Most importantly, your home office must be used exclusively and regularly for your business.
What Home Expenses are Deductible?
The most common way to allocate expenses to your home office is the square footage method. It is based on the total useable square footage of the house. For example, if you have 2,000 usable square feet in your home, and your home office is 300 square feet, your home office allocation is 300 / 2,000 = 15%.
In this scenario, you would be able to deduct 15% of your mortgage interest, property taxes, home insurance, rent, utilities, repairs, home depreciation, certain home improvements, etc. If you meet clients in your home, you would also be able to deduct 15% of your yard maintenance and house cleaning costs.
Bulletproof Your Deduction
1. Take a yearly, dated picture of your home office to establish that it was used exclusively for business. (Remove any personal items first!) If you are audited, you will be able to prove you were eligible for the deduction in the past.
2. Keep records of the square footage of your home and home office. If you do not have blueprints, draw a picture showing measurements of your home and office.
3. Keep a calendar including guest to your home office. It does not need to be formal, but it should include your guest's name, date of the visit and the purpose.
4. Keep a work activity log for time spent in your home office. This will help you prove that you used your home office regularly.
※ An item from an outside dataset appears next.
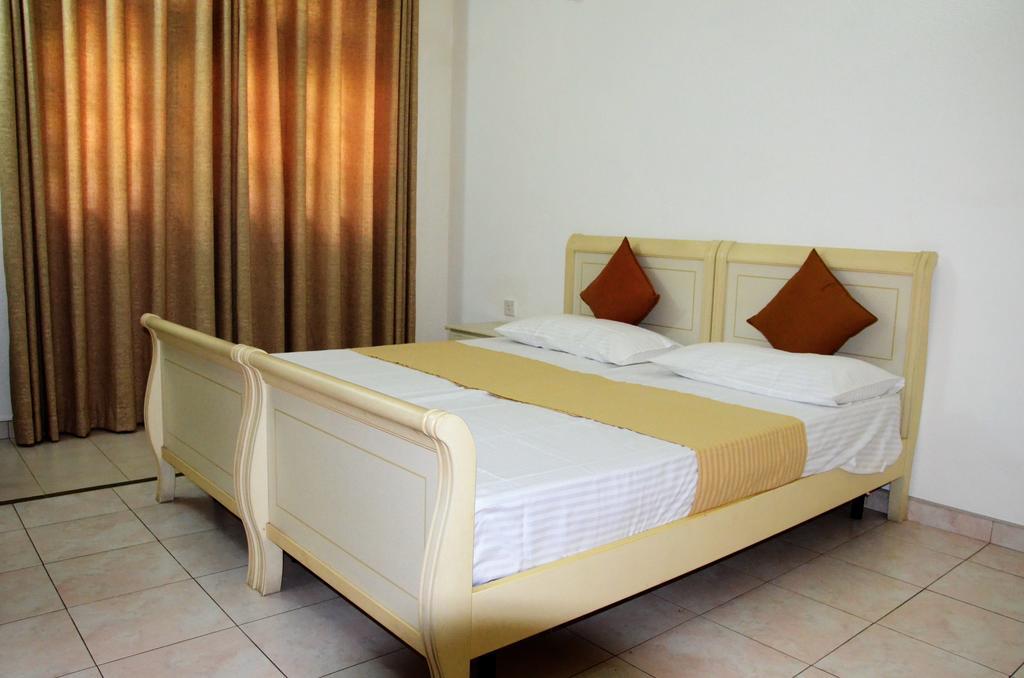 Gondolas Holiday Lanka Ragama Εξωτερικό φωτογραφία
Of course, any expense which is paid or incurred during the tax year to carry on a trade or business is generally deductible. There is an overriding requirement that all such expenses be ordinary and necessary. Thus, supplies, cost of goods sold, office expenses can all be deductible. Certain expenses must be deducted over time (e.g. equipment, building improvements, purchased goodwill). Talk to your CPA or tax accountant to determine all of the available deductions for your business.